Laboratory values for serum creatinine (glomerular filtration rate estimated from the four-variable MDRD Study equation, but omitting race and assuming everyone was white)


Laboratory values for sedimentation rate(> 20 mm/hr), C-reactive protein (> 0.9 mg/dL) (low serum albumin, wbc count × 2 measures, wbc without bandemia or no eosinophilia, d-dimer, inflammation codes)

Urine Protein

Laboratory values for proteinuria (1+ or greater, with negative leucocyte esterase)

Fasting plasma glucose

Laboratory values for fasting glucose (>125 mg/dL)

Sample Size Considerations

The sample size was fixed because of the retrospective design. We observed 485 RRT starts during the period from 2000 through 2004. The effective sample size for multivariable analyses was reduced from 485 to 350 events because of missing data. One statistical approach for considering the adequacy of the sample size for predictive modelling is to consider the total number of events in relation to the number of candidate predictor characteristics and their degrees of freedom[11]. Experts recommend approximately 10 to 20 events per degree of freedom. Consequently, 350 events allowed us to consider 18 to 35 degrees of freedom.

Statistical Analysis

Our objective was to identify the strength and precision of characteristics that predict RRT. Consequently, we modeled the data using predictive methods instead of explanatory methods[12]. We appreciate that randomly allocating patients to a characteristic wouldn't necessarily cause a higher rate of RRT. We analyzed the data using logistic regression to calculate the odds ratios and 95% confidence intervals after controlling for matching characteristics: age, sex, and calendar time.

To select characteristics for evaluation in the logistic regression model, we started with clinical characteristics that are frequently and reliably measured in routine clinical practice (e.g., hypertension). We proceeded to characteristics that may be less reliably measured (i.e., greater measurement error in the ICD-9-CM coded electronic medical record), but which are probably strong predictors of the outcome (e.g., history of clinically recognized diabetes). We retained characteristics in the equations if they were statistically significant (P < 0.05).

The pattern of missing data is complicated in a retrospective study where collection depends on patients' and providers' decisions to schedule outpatient visits and to measure characteristics (e.g., order a laboratory test). When investigators cannot impute missing clinical values (because they are not missing at random), one of the less biased methods is to analyze the subgroup of patients with complete data for all characteristics, the method we adopted[13].

To calculate the population-based incidence of RRT, we added the number of person-years that members were at risk of becoming RRT cases. We then divided the number of RRT cases by the total person-time at risk and calculated the exact Poisson 95% confidence interval.
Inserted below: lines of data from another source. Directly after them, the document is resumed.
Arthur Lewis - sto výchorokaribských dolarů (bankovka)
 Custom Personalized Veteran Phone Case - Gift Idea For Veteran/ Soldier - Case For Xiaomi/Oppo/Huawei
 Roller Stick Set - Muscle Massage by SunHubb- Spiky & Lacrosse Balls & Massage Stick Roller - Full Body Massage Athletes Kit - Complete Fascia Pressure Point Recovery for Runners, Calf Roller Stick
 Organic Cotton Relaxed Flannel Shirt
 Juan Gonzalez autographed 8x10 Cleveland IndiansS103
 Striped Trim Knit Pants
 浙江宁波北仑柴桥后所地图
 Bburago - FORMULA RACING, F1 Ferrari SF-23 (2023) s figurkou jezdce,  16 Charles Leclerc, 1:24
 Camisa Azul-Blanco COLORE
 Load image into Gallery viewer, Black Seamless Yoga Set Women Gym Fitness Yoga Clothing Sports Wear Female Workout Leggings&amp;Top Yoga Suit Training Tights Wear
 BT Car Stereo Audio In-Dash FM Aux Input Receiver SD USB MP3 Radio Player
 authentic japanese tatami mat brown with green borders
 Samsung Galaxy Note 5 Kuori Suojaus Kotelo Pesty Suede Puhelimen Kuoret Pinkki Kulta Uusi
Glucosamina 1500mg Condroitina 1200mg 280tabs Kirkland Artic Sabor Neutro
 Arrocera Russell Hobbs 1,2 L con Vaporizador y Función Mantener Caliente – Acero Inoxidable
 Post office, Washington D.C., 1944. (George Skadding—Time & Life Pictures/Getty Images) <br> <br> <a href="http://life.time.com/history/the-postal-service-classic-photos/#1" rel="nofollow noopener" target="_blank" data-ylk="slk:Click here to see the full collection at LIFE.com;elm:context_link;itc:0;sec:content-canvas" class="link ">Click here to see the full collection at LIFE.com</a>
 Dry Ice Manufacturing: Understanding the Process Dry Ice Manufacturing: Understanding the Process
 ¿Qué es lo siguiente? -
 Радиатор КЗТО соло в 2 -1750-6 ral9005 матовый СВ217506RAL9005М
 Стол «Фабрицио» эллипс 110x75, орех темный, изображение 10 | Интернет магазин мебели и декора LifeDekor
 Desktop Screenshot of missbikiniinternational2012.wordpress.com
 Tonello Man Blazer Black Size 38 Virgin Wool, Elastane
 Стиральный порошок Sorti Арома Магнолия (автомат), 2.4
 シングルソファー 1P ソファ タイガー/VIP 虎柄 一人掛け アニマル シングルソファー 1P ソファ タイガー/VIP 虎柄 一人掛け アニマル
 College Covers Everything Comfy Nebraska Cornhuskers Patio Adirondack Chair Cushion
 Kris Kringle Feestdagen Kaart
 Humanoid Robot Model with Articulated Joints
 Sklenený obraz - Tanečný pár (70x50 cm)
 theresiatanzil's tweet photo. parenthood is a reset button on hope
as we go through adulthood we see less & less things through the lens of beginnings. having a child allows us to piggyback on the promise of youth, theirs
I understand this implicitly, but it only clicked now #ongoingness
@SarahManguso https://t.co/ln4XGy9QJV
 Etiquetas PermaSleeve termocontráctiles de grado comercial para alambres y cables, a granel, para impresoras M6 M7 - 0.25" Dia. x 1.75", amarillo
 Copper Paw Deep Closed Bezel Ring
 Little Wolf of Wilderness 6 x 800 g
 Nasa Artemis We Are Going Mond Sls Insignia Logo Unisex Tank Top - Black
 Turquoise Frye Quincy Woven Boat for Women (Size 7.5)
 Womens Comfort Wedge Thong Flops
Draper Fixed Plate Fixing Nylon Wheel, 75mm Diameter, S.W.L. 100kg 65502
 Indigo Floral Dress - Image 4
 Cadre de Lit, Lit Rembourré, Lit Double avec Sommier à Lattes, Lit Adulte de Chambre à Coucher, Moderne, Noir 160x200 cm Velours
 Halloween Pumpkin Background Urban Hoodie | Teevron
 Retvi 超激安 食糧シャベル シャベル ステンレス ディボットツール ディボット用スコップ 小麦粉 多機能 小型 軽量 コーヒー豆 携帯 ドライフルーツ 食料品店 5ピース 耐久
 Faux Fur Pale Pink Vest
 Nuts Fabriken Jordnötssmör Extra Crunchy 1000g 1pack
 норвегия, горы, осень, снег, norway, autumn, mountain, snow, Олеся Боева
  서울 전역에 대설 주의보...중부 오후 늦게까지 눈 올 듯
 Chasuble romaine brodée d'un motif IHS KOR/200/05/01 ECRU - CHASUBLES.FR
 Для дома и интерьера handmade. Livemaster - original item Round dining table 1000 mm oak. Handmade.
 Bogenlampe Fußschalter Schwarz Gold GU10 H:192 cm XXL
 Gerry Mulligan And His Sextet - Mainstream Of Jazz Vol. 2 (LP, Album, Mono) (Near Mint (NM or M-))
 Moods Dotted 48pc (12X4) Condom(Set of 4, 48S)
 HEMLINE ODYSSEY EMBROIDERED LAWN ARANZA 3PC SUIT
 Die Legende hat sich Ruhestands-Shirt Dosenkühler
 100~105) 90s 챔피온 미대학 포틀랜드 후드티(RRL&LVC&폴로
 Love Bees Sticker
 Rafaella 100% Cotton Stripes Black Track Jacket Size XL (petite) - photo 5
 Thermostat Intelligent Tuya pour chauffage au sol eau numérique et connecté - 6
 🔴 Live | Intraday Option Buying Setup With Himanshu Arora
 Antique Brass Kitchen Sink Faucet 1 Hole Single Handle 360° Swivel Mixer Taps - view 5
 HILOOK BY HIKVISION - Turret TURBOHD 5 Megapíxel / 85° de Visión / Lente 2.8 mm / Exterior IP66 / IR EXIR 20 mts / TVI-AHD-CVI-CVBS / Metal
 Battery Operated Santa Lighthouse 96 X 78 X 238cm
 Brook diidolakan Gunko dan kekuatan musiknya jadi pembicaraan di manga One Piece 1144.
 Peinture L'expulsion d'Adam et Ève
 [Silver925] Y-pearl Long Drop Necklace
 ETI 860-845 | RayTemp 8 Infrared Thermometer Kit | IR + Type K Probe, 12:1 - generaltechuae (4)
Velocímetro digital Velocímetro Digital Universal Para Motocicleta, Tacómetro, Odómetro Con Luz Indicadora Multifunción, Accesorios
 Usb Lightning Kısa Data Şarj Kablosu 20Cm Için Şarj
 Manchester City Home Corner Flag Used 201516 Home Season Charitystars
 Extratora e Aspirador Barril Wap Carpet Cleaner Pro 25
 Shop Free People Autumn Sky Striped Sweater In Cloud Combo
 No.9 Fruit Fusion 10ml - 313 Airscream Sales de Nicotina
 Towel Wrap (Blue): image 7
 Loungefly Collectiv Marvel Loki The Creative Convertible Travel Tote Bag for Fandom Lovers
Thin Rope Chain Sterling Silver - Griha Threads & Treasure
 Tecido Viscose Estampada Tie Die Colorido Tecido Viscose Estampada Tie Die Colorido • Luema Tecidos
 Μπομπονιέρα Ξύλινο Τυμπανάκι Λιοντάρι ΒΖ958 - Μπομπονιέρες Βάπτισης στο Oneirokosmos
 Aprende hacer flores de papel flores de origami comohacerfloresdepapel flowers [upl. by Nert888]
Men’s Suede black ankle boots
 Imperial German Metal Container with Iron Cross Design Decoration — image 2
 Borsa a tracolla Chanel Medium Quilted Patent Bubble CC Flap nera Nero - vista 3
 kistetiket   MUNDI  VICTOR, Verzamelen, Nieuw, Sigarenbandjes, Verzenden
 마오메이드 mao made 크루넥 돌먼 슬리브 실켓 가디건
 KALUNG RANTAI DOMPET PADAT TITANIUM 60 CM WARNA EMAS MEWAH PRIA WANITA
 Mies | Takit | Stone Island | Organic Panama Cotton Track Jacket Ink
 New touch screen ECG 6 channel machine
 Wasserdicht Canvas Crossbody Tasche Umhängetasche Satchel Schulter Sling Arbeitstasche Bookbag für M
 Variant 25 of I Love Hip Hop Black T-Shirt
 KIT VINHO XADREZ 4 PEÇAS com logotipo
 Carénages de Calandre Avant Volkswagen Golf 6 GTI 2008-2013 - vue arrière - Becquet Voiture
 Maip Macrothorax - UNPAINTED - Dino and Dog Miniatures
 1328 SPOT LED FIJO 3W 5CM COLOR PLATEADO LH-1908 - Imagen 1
Between January 2000 and December 2004, we identified 485 patients with ESRD who were treated with RRT for the first time and met all of our eligibility criteria. Ninety-six percent of the case patients had a serum creatinine measurement during the baseline period and 76% of case patients had an eGFR <60 mL/min per 1.73 m2. The rate of RRT in the cohort from which we sampled was 58 per 100,000 person-years (95% CI, 53 to 64) and the mean age was 66.4 years.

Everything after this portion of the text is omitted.